In view of the fact that the ratio of an extremely low direct current signal generated by deformation of the shaft pin sensor to the load tonnage is large, how to improve the acquisition precision of the signal acquisition board in the special all-in-one machine frequency converter is a design difficulty of the signal acquisition board. Similarly, after the signal acquisition board with high precision is produced, how to test the signal acquisition board is a difficult point in work.
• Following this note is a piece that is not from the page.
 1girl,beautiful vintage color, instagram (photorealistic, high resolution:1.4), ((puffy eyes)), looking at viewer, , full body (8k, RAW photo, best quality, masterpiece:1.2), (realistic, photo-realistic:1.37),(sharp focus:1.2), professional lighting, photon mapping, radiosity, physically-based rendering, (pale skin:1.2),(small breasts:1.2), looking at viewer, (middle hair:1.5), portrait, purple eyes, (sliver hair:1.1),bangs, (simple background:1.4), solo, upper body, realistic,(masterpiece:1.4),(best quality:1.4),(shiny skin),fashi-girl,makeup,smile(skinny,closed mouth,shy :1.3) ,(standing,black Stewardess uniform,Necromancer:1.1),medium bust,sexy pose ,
Before the detection device is not provided, a high-precision direct current power supply is used for providing a relatively close direct current for the signal acquisition board all the time to judge whether an acquisition circuit of the signal acquisition board is qualified or not, and the obtained result is approximate weight and cannot judge whether the acquisition precision reaches the standard or not. The basic function of the pin sensor signal acquisition board can only be proved to be normal. In order to obtain accurate weight precision, the sampling resistor of the signal acquisition board is required to be adjusted repeatedly in practical application, so that the standard weight of the weighed weight can be accurately displayed. And the high-precision direct-current power supply is expensive, and after various electromagnetic radiations are received, the stability of the high-precision direct-current power supply is not optimistic, and the error detection phenomenon often occurs because the low current given by the high-precision direct-current power supply is not standard, so that the product quality of the signal acquisition board is unstable. The standard weight of the weighed weight can be accurately displayed by repeatedly adjusting the sampling resistor of the signal acquisition board in practical application. This brings very big hidden danger to the mechanical structure safety of construction elevator, personnel's safety. Also, it brings great challenges to the market.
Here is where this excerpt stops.